The film fails something called the “authenticity test”, according to one writer on another paper. But this is to confuse fiction with inauthenticity. It as if people know what they want to feel with Holocaust-related material and anything that gets in the way of that rush of self-righteous empathy must be opposed.
This is, I suggest, a gentile condition. Give them simplistic fare such as The Boy in the Striped Pyjamas. This film is more complex.
The title role is played by a mesmerising Adrien Brody. His Tóth is a Hungarian-Jewish architect (and there were a few, Erno Goldfinger among them) and Holocaust survivor whose life we track from the moment he arrives at Ellis Island. The off-kilter view of the Statue of Liberty as Tóth emerges blinking from the bowels of the ship that carried him is a stunning reminder of how American sanctuary must have felt to Jews and other refugees as they reached safety. It is also impossible not to see this opening scene as a rebuke to Trump’s anti-refugee policies, though of course the film was made long before he won the election.
This is, I suggest, a gentile condition. Give them simplistic fare such as The Boy in the Striped Pyjamas. This film is more complex
This scene is the first time we hear Daniel Blumberg’s extraordinary Oscar-nominated score, which is dominated by a repeating brass rumble. It is as if the instruments are being stretched and shaped like chrome tubing wrought at Bauhaus where Tóth learnt his trade.
With his wife (a stoic Felicity Jones) still unable to join him, much of the film’s three and a half hours is dominated by the hardships of settling in a strange country. Halfway through, a photograph of Tóth’s wedding outside a Budapest synagogue announces an interval, itself an exciting event.

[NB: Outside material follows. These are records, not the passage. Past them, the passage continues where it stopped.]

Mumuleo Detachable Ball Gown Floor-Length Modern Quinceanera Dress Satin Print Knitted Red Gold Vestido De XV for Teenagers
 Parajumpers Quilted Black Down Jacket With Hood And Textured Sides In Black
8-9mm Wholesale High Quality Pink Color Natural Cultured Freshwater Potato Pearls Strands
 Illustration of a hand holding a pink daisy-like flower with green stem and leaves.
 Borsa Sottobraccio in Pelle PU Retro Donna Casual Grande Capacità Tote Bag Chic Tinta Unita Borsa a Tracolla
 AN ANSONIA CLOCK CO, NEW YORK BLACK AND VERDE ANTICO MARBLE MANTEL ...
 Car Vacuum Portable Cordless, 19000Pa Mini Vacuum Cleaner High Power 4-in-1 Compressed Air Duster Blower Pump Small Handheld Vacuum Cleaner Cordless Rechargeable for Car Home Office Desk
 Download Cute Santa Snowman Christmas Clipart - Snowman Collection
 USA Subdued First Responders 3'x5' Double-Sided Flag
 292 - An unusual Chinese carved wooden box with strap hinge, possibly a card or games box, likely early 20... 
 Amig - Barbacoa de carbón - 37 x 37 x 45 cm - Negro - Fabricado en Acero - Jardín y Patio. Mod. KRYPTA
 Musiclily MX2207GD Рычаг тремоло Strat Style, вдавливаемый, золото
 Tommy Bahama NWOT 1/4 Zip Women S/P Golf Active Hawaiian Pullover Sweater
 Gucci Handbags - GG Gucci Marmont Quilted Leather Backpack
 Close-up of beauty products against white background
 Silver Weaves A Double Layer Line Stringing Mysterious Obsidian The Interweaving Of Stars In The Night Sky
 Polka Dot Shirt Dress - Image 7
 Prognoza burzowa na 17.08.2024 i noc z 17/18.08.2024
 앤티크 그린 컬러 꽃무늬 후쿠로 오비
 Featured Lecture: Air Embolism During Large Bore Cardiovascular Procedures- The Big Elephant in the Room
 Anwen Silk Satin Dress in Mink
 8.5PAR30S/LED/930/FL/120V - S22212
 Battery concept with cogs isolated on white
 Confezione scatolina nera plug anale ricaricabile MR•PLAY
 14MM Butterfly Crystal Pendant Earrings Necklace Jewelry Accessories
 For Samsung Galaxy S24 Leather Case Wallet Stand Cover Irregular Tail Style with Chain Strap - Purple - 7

Tóth, played by the Oscar-nominated Brody, exudes a humanity that enriches all those who encounter him, including the austere Pennsylvania tycoon (an excellent Guy Pearce) who commissions an ambitious modernist memorial to his mother.
For all these fine performances, the remarkable star of this film is architecture itself. To my eye Tóth is more a modernist than a brutalist. But that gripe aside what the complainants fail to see beyond their simple need for another biopic is that this film is an argument for culture. It justifies every minute of its running time and deserves every accolade it gets.